Getting it ‘out there.’
Then there’s the whole marketing thing, which does not come naturally to me nor any artists I know! But there’s no point in making lovely art if nobody knows you’re doing it. I have my beautifully designed website which I could never have managed on my own, created by the lovely Lynn (Colony of Ants Web Design) and I am learning how to use social media to connect with people who – hopefully – will enjoy my art. Getting to grips with Instagram stories and reels is a bit of a challenge but I have discovered the beautiful and extremely helpful Natalia @yesartmarketing and am finally beginning to make a bit of headway. Sometimes its good to admit you don’t know everything and to get a bit of help.
The artist’s year is actually busier than you might think. There are usually exhibitions to prepare for in spring, summer and autumn, so not only do you need a body of work ready to exhibit but there’s a ton of admin in terms of paperwork including photos, application forms, and fees to attend to. And – for the technically challenged like myself – another whole minefield of taking photos, converting to jpegs or whatever, and resizing them so they are the right file size for wherever they are going. And if I sound like I know what I’m talking about that’s a fluke! Plus, I’m hopeless with any sort of power tool so himself has to be asked to fit mirror plates to the picture frames as most exhibition spaces demand them for health and safety.
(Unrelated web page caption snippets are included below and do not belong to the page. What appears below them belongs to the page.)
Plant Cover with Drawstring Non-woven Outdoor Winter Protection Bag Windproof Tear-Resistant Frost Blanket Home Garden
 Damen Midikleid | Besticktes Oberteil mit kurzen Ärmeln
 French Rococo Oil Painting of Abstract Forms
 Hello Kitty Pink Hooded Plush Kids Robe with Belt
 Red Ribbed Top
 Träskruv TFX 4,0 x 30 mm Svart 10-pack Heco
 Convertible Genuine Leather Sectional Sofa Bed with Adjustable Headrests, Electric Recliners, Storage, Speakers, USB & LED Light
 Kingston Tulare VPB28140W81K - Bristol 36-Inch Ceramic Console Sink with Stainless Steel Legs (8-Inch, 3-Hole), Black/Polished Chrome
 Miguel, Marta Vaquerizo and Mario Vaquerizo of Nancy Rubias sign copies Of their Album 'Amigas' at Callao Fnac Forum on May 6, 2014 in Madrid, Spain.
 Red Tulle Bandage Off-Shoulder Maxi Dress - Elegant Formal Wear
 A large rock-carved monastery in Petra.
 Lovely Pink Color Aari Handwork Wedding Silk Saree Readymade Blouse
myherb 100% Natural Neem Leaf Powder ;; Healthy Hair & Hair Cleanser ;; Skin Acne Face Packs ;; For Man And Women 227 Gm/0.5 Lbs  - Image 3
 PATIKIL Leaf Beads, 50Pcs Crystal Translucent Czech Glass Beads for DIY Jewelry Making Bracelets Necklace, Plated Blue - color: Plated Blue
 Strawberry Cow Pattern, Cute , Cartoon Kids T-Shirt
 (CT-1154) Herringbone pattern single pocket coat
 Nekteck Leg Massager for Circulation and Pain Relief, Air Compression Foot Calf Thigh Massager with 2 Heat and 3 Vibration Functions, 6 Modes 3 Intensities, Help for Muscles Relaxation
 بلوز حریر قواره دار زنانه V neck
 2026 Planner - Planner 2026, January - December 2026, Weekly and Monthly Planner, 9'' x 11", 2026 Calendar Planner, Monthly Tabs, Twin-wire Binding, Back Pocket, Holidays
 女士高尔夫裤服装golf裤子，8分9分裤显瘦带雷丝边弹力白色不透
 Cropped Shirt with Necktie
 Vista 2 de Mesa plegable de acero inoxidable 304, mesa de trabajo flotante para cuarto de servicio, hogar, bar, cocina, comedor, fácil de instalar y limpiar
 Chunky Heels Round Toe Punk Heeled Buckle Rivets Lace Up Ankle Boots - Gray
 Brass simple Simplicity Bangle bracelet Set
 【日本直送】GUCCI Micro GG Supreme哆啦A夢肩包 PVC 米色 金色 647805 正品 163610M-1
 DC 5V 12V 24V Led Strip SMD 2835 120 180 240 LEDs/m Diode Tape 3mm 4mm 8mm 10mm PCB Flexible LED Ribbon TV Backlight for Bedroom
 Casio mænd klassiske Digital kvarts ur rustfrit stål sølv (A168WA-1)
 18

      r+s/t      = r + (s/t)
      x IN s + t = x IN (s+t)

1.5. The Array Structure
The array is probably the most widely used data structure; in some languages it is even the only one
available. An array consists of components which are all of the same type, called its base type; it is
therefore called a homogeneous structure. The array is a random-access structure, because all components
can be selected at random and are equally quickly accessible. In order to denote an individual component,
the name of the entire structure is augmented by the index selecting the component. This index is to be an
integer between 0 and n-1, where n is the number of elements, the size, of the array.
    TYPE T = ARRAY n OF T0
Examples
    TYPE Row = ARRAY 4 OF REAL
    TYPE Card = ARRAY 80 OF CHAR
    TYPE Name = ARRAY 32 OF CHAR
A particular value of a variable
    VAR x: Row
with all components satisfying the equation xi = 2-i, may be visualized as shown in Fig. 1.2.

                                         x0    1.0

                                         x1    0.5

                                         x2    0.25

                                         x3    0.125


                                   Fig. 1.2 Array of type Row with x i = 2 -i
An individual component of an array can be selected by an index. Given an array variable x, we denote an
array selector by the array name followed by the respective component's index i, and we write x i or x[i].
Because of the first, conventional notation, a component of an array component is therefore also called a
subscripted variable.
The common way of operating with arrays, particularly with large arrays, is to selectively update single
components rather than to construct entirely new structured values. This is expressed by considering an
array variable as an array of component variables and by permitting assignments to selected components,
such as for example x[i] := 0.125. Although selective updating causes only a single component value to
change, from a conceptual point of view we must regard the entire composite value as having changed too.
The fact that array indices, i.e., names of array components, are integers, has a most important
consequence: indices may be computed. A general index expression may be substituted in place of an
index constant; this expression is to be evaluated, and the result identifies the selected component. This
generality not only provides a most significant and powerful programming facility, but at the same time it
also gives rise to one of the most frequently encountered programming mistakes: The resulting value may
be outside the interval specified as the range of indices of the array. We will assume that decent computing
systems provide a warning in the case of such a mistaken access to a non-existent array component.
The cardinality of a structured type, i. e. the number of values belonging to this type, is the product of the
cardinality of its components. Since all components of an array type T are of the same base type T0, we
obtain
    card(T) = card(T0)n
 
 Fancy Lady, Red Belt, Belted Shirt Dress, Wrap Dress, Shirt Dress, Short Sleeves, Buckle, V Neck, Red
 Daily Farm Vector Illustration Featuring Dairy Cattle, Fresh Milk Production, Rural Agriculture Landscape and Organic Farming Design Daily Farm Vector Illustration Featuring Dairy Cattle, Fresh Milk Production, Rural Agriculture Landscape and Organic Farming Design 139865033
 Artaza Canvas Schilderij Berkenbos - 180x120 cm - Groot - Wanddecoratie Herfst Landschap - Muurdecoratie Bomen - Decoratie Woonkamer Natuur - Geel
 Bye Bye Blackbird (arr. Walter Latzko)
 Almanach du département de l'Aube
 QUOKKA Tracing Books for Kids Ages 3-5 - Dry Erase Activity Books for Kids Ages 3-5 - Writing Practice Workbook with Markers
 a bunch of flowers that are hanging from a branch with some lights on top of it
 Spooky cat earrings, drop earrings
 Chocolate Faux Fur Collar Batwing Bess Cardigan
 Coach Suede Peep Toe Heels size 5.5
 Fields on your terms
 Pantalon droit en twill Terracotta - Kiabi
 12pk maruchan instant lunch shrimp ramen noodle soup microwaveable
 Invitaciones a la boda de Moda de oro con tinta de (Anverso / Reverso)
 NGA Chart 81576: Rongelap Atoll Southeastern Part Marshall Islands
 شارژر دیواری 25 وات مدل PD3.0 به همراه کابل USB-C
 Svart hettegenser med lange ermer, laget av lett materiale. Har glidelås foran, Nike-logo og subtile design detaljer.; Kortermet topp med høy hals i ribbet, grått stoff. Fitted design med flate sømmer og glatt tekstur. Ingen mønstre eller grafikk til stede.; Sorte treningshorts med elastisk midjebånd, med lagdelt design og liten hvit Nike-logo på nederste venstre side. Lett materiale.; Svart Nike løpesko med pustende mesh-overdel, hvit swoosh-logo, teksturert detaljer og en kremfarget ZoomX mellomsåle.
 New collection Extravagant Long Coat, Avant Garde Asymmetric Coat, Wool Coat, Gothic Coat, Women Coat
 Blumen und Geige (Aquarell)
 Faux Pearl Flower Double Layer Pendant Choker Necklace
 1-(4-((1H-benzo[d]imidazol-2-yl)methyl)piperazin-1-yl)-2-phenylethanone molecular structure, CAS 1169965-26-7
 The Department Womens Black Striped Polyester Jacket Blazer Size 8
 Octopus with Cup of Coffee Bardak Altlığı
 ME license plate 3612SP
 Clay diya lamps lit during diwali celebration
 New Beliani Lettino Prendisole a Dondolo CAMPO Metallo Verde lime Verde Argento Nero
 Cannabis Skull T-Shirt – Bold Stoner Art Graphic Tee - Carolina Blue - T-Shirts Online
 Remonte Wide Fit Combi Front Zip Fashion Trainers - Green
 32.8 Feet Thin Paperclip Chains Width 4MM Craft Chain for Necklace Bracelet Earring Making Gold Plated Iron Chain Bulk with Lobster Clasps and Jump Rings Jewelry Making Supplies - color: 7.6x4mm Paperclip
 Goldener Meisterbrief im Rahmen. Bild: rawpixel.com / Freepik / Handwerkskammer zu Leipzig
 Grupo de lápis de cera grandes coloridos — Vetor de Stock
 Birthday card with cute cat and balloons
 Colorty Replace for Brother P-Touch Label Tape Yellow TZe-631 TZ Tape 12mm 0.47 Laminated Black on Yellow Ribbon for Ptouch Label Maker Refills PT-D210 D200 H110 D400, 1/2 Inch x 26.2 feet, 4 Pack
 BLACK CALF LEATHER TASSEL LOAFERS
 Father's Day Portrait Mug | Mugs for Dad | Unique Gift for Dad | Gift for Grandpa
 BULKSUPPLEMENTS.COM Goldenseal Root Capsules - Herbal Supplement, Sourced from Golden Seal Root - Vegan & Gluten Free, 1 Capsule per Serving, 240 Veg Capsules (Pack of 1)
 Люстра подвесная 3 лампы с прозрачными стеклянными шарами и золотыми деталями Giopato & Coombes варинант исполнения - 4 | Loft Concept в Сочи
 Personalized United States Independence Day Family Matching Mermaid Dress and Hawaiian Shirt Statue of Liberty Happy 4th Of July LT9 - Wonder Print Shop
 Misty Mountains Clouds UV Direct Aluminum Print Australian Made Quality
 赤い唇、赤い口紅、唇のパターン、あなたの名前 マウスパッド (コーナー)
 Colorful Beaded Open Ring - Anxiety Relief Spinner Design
Then we have the annual Art Trail when local artists open their studios for visitors. Prep here usually involves making cakes which is no hardship! And again having work to sell, including greeting cards and unframed pictures so that there is a wide range of things for folk to choose from should they wish to buy.
Painting! Painting itself is pure pleasure. Another world where I get to play with colour and texture, and to fill a canvas with feelings, memories and impressions of things I love. Its a way of becoming completely mindful and lost in the moment. Sometimes it flows and sometimes its a push and pull until I can finally get onto the canvas what I have in my head. Occasionally the paint all gets scraped off and I start again. Whether its the buttery feel of oil paint, the softness of pastel or the transulscent effects of watercolour, I get lost in the magic. I lose all sense of time and am always pleasantly surprised when the studio door opens and in comes himself with a cup of coffee and a snack. In the winter when its cold and damp outside and the studio log burner is lit, we sometimes have lunch in there too – to be shared with the dogs needless to say!
Passing on the Love
Pure joy is when somebody, somewhere, sees a piece of my art and connects with it. This is usually an immediate emotional response to a painting, it just resonates with them. On occasion they may generously take the time to let me know they like it and why – which fills me full of happy butterflies!
And when somebody loves my art enough to want to own it, then that’s the high point for me – the knowledge that they will enjoy and take pleasure in that painting for years to come. My hope is that it will bring colour, enjoyment and happiness to their home and enrich their lives. It feels like passing on the love I felt as I was creating it in my studio.
So far this summer I have sold four paintings to absolutely lovely people who obviously ‘get’ my art – it’s such a thrill and I couldn’t be happier, or indeed more grateful.